El funeral de Sabina

Al funeral propio hay que ir en vida, como ha hecho Joaquín Sabina en «Un último vals», canción con vídeo que transcurre donde siempre, en la barra del bar, con la luz enronquecida como su voz y el verbo exprimiendo los mismos versos de toda una obra, a ver si dan una metáfora más.
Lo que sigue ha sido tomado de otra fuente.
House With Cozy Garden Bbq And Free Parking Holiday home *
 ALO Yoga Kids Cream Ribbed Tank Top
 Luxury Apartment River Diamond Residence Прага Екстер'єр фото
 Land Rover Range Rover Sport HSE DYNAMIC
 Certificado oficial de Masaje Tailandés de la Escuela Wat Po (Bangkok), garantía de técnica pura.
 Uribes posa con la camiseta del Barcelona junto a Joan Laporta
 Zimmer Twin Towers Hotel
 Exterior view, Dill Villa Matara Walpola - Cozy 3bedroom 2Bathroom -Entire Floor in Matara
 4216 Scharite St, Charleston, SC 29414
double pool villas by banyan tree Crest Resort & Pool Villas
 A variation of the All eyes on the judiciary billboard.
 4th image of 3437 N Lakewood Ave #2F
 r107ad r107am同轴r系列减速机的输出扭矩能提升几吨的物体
Güisquito, penumbra y cigarro, en un local en el que a él aún le permiten fumar, y un rosario de colegas que van dejándose caer por ese claroscuro. Sabina tiene razón. Hay que enterrarse en vida, capaz aún de responder al abrazo de los amigos y a sus sonrisas, aunque a ellas ascienda toda esa tristeza que le sube a Serrat a la cara cuando contempla a su compañero de naufragio. El beso que le da Serrat a Sabina, por cierto, tiene algo de inverso, como un Cristo besando a un Judas, y no al revés, perdonándole todo de antemano.

La melancolía que anuncia el fin es la otra cara de la moneda que supone la nostalgia de después, cuando la vida ya sólo sea un recuerdo diluyéndose. Antes de zarpar, a Sabina le queda una risotada en mitad de la noche, escandalosa como un folio que se rompe o un amor que no conviene, en ese gesto de Calamaro. Y un vaticinio de tormenta de rimas elegíacas en el modo en que García Montero toma posesión del asiento. Le queda presente la ausencia de Pancho Varona, al que no han dejado entrar en el garito por llevar calcetines blancos. Le queda Leiva, que sigue ahí, escribiendo la misma melodía para la misma canción repetida. Y el quite de José Tomás, como un robinsón buscando isla desierta en la que torear a solas. Y los ojos de Benjamín Prado, que no se ven porque ven de memoria. Y la ceniza de García de Diego, a punto de caer sobre el teclado para mejorar una canción más. Y le queda el Krahe, benditos sean todos los exiliados, cameo sobrenatural pero que acabará siendo el más natural de todos, como ya intuye Sabina cuando lo ve y se carcajea preguntándole al viejo amigo, primero perdido y luego ido, qué carajo hace aquí.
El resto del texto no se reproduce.